The inside story on what its really like to cruise the east coast of Australia.

22 June 2008 | Airlie Beach
20 June 2008 | 'Hammo'
19 June 2008 | Hammilton Island
17 June 2008 | Mackay
16 June 2008 | Curlew Island
15 June 2008 | Middle Percy Island
14 June 2008 | Townshend Island
13 June 2008 | Pearl Bay
12 June 2008 | Yeppoon
11 June 2008 | Cape Capricorn
06 June 2008 | Bundaberg
05 June 2008 | Hervey Bay
31 May 2008 | Mooloolabah
27 May 2008 | At Mooloolaba
26 May 2008 | Tangalooma
24 May 2008 | Sanctuary Cove
15 May 2008 | Hope Harbour Marina
12 May 2008 | Ballina
02 May 2008 | Port Macquarie


22 June 2008 | Airlie Beach
Those yacht masts above the seawall are our final destination - Airlie Beach Marina.

We'd like to say we've battled the elements, been terrorised by the fury of mother nature herself, surmounted unsurmountable hardships, and survived ! , but we can't. In fact sailing up the east coast of Australia has been a walk in the park, as they say.

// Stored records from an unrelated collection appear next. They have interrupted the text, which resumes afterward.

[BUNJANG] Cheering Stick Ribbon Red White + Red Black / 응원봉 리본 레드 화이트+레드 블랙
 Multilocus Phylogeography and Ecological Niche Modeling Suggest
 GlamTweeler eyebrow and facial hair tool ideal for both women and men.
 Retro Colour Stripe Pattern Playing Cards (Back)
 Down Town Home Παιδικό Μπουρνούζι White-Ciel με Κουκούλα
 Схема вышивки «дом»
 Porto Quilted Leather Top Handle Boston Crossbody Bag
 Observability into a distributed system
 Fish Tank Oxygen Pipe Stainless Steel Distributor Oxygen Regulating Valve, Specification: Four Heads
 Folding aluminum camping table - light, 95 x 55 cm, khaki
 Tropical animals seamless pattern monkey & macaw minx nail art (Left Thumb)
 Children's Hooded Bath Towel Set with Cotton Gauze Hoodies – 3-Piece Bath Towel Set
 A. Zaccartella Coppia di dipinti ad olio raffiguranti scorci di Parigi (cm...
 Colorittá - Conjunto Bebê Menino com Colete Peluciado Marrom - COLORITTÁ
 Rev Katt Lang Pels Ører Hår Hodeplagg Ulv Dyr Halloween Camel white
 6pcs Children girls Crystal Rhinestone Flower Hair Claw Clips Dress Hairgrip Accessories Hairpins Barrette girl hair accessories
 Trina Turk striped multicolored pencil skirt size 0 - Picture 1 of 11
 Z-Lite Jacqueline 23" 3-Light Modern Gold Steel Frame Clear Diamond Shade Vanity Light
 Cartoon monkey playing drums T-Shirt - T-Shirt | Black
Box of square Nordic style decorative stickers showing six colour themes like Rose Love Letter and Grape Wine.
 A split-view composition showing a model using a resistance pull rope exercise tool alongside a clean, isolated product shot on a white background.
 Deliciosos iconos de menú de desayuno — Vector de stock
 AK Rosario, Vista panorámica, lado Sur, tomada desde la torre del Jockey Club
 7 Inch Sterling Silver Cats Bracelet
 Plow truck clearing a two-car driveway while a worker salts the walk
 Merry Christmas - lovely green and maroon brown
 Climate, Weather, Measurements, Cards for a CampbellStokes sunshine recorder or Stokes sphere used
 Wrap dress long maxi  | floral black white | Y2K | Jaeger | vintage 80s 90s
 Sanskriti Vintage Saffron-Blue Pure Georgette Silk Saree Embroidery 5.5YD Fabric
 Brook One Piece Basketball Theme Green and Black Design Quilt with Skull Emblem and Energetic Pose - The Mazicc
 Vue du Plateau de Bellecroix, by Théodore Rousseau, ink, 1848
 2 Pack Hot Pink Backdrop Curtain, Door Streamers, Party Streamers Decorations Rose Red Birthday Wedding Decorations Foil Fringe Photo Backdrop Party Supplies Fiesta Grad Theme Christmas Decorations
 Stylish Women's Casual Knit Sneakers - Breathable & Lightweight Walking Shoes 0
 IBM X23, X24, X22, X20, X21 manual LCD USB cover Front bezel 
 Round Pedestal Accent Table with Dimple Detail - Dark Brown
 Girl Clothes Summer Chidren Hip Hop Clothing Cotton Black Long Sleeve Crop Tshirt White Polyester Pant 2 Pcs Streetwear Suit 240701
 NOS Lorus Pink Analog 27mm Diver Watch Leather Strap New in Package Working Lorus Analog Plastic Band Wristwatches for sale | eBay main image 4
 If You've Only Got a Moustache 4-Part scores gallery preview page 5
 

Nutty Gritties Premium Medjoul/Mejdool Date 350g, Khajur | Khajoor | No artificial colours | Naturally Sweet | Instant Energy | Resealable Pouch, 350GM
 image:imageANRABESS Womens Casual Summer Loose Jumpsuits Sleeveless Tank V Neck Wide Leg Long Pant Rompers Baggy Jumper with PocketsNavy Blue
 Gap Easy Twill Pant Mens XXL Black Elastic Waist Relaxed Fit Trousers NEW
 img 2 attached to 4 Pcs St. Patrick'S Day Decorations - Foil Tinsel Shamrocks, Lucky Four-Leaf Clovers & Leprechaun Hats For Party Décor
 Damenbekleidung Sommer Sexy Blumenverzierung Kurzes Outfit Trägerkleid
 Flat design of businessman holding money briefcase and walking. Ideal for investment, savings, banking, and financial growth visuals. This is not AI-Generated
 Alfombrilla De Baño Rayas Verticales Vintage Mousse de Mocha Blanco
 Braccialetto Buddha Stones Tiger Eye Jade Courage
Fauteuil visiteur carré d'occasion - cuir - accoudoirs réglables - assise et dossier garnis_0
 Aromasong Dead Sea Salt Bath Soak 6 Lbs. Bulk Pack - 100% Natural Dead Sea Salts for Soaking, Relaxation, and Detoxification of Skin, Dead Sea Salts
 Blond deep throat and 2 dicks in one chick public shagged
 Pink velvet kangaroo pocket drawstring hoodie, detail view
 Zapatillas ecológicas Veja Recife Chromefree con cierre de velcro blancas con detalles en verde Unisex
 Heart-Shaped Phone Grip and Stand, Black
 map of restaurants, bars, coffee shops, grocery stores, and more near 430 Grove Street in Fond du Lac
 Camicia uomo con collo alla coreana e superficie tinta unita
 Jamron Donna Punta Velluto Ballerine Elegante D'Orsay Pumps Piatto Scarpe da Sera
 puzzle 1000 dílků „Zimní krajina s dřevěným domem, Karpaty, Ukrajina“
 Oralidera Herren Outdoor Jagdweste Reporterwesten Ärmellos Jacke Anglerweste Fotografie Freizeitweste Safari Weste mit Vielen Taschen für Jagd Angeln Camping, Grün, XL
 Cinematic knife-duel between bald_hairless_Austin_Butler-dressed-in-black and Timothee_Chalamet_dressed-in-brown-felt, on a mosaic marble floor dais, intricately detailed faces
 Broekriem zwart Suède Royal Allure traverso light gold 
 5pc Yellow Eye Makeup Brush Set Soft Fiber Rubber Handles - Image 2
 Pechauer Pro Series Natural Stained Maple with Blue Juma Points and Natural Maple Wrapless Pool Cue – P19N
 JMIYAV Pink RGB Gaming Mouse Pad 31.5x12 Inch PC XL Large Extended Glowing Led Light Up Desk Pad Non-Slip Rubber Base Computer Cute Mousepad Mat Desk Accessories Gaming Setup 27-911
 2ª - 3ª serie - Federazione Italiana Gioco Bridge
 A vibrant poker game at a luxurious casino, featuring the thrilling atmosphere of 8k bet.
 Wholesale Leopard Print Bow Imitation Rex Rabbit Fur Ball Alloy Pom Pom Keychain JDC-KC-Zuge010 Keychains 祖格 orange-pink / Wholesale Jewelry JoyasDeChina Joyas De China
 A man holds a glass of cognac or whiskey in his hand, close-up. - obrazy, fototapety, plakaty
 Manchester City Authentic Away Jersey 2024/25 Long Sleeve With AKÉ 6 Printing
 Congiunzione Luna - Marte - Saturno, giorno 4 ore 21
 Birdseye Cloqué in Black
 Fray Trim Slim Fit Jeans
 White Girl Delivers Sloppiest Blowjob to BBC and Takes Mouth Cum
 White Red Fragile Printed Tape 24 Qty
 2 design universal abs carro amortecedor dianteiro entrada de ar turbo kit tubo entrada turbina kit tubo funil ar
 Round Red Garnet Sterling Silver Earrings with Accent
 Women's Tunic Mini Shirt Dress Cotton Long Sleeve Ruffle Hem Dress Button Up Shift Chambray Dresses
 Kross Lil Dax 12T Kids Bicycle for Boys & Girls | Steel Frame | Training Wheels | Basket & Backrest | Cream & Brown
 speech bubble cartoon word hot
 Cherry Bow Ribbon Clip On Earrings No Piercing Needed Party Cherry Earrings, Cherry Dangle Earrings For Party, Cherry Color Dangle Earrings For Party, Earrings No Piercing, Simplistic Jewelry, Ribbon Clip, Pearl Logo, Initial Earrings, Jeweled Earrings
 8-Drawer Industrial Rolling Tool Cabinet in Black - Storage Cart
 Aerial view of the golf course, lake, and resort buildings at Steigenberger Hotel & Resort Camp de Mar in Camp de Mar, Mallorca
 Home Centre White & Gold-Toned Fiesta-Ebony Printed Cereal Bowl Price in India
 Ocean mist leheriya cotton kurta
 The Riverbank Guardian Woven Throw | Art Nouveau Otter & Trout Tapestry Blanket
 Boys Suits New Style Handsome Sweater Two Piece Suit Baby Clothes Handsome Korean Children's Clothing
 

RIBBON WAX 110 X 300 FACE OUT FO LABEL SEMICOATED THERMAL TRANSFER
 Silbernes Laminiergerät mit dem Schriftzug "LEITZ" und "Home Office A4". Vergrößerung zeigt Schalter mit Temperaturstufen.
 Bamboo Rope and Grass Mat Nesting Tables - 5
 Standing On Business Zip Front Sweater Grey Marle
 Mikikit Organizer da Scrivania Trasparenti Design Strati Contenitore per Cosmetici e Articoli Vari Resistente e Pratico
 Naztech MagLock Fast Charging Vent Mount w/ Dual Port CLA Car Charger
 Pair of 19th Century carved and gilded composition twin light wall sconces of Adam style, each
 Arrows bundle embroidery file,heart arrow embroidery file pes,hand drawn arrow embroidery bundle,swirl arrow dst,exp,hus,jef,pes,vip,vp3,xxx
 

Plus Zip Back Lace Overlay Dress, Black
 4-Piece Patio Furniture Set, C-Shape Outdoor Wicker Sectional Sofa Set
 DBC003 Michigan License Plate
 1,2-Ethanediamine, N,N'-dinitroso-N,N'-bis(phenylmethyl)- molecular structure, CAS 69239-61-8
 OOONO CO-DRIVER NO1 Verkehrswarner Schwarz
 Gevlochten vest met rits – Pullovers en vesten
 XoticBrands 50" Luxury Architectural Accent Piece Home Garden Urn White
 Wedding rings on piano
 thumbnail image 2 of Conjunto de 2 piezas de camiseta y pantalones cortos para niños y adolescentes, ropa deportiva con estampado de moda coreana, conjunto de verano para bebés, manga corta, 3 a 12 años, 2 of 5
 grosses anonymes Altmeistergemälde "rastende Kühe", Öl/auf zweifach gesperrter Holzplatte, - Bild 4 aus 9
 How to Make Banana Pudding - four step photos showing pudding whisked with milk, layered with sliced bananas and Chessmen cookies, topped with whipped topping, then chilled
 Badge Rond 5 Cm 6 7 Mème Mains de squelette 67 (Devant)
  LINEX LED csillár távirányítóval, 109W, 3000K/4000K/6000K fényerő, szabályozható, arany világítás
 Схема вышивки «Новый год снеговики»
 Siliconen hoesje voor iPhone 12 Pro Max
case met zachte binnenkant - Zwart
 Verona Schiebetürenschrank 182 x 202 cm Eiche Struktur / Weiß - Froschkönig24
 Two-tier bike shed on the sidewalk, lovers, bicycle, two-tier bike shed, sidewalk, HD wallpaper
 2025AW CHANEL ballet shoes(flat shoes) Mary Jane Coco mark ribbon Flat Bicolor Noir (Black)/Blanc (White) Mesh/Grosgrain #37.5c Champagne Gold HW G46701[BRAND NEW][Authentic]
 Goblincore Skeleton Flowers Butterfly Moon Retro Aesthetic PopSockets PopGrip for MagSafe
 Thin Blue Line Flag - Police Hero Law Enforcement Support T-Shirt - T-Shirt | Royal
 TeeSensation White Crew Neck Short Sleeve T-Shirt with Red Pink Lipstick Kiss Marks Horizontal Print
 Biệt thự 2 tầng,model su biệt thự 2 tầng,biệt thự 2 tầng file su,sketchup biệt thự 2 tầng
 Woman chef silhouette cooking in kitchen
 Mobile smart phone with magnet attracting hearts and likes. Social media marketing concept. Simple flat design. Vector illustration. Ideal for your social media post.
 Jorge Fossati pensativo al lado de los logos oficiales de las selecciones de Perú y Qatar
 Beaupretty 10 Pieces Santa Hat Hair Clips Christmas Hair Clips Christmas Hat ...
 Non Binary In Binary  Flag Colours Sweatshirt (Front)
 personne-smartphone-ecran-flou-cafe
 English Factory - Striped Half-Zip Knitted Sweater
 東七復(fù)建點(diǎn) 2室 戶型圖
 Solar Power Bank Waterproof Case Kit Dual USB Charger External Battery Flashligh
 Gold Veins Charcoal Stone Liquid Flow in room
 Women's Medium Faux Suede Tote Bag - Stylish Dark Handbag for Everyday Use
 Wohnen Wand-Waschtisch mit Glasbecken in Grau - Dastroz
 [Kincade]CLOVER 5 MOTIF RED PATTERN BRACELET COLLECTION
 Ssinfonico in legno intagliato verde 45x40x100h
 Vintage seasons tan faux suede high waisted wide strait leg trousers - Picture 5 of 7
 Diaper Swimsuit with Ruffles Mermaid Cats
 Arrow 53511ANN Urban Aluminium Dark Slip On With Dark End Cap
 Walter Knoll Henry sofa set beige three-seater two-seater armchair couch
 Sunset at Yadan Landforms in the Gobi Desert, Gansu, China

The last leg from Hamilton Island to Airlie beach took just 3 hours in strong trade winds, so we had a single reef in the mainsail. We were met by our 'managing partners', Charter Yachts Australia, who take over the on-going management of Andamon, and then started the BIG clean-up. Its amazing just how much clutter a boat collects in a few weeks. Saddest of all was having to get rid of un-opened food - what a waste.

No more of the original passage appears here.